This article has been authorized by the author Zhang Gengyuan netease cloud community.

Welcome to visit netease Cloud Community to learn more about Netease’s technical product operation experience.


Since the company’s e-trust public service account has the function of inquiring today’s menu, I gradually formed the habit of checking the menu in each window before going to dinner, and then deciding where to eat.

But the more I use this feature, the more I find it inconvenient. At present, the steps to query the menu on the official account are as follows:

  1. Open the easy letter

  2. Open the netease Genie official account

  3. Click On Convenient Services

  4. Click on today’s menu

  5. Wait for the entry link to return to today’s menu

  6. Click the entry link to view today’s menu

The process is passive and a bit complicated as a fixed action that needs to be performed at least twice a day. In particular, the fifth step, the sixth step need network access, if the mobile phone network access is not stable (WiFi, 4G signal is not good, etc., when sitting, waiting for the elevator is easy to encounter this situation), any step will be stuck and can not be queried; There are also some students for a variety of reasons did not pay attention to netease genie public number, unable to check today’s menu.

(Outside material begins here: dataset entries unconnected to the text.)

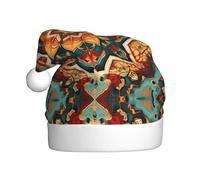 YTUOPWE El sombrero de Navidad con imágenes de colores ricos para adultos es suave y ligero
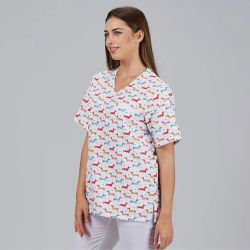 Blusa Unisex Mika Estampada (Microfibra Antibacteriana)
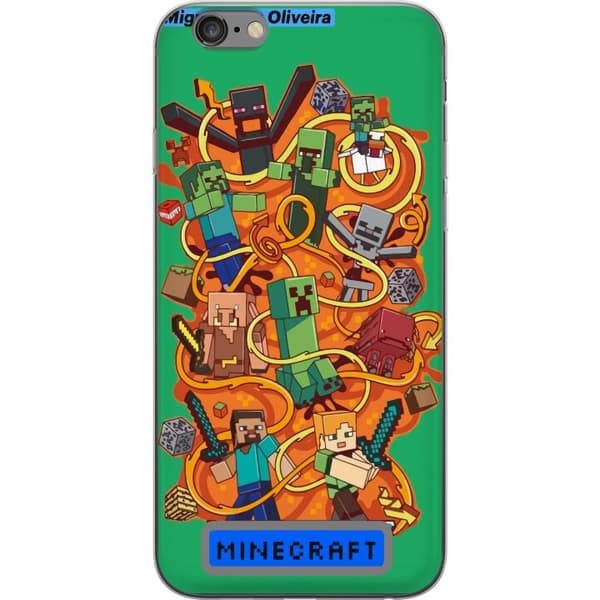Apple iPhone 6 Plus Genomskinligt Skal Minecraft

So I thought, is there an easier way to directly push the daily menu content to the mobile phone actively, and you can view the menu with a simple click?

  1. Click push message

  2. View today’s Menu

I had the idea and I did it.

This can be broken down into three steps:

  1. Data capture

  2. The data processing

  3. Data push

More on that below.

Data capture

To crawl recipe data, you first need to know where the information is being queried. I have not done the development of wechat official accounts, but according to general experience, whether wechat or wechat official accounts published articles are generally a simple HTTP page. To find the source of the daily menu data, find the pattern of these HTTP page addresses.

There are many ways to grab a mobile network request. The most convenient way is to run a tool like tcpdump in the background of the mobile phone, and access the Today menu of easy to catch the desired results. However, as my phone is iOS without jailbreak, it is impossible to do so due to sandbox mechanism.

The last method is to run a MITmProxy1 service on the computer of the same network, and specify the HTTP Proxy address of the mobile phone as the address of the computer. Open the link of today’s menu in Yixin, and you can see a string of HTTP access records of the mobile phone in MitmProxy. This contains the HTTP URL that we want to grab today’s menu.

It can be found that the HTTP URL link of today’s menu is the following pattern:

http://numenplus.yixin.im/singleNewsWap.do?companyId=1&materialId=${id}Copy the code

There is only one variable, ${id}, which is a positive integer and should be the id of the article. The contents of the daily menu we want to climb are all in these links, as well as some other advertising articles published by netease Genie public account. This page can be climbed by simple HTTP GET without additional processing.

I have studied the rule of ID generation of articles that did not find the menu of today, and speculated that the ID should be generated in the back end of E-trust, and the mobile client can not directly get this ID. So simply on each ID climb again, check the content is today’s menu on the article processing, is not ignored. That’s the data source for today’s menu.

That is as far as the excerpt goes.